By: Mary Helen Sprecher
Measure Governs Smoking, as well as Smokeless Tobacco, at all Venues

One day after the State of New York finally cleared the way for professional MMA bouts to be held, it said no to what some might consider a far more long-standing tradition: tobacco at sports events. That includes tobacco in any form, meaning not just cigarettes, cigars and so on, but smokeless tobacco.

And nowhere was there as much of a focus on this as at the city’s Major League Baseball parks.

An article in Yahoo! Sports noted the March 23 passage by the New York’s City Council of legislation clearly prohibiting the use of all tobacco products at all ticketed sporting sites in the city. The bill passed by an overwhelming 44-3 vote, according to a New York Times report.

“That's a pretty big story in the baseball world for a couple reasons,” noted the Yahoo! article. “First and foremost, Yankee Stadium and Citi Field would be covered by the bill once it's signed in to law by Mayor Bill de Blasio. In the same vein, smokeless tobacco is a popular item among players, so those who use will have to make serious adjustments, perhaps by opening day.”

Both the Yankees and Mets expressed support for the legislation last month. The Yankees going so far as to let players know that anyone wanting nicotine replacement therapy supplies should see the team trainer for assistance.

But if tobacco in sports arenas is considered an institution by the old guard, it’s essential to consider the influencers for the change. One, for example, is as the Campaign for Tobacco-Free Kids. As a result of various health initiatives, and in recognition of the family demographic that frequents its games, minor league ballparks have already banned tobacco use.

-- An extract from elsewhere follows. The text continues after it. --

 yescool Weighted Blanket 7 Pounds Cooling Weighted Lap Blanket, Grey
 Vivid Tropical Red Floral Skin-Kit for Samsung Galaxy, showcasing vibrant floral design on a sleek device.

Many sports venues already limit smokers to specific areas in the park; however, more and more facilities are taking measures to remove it from the grounds altogether. Last fall, California Gov. Jerry Brown signed a bill that bans tobacco use in each of the state's five MLB parks. New York's bill will make it seven ballparks, and with similar laws developing in Boston, Chicago and Toronto, it’s a sure bet more tobacco-free ballparks are on the way.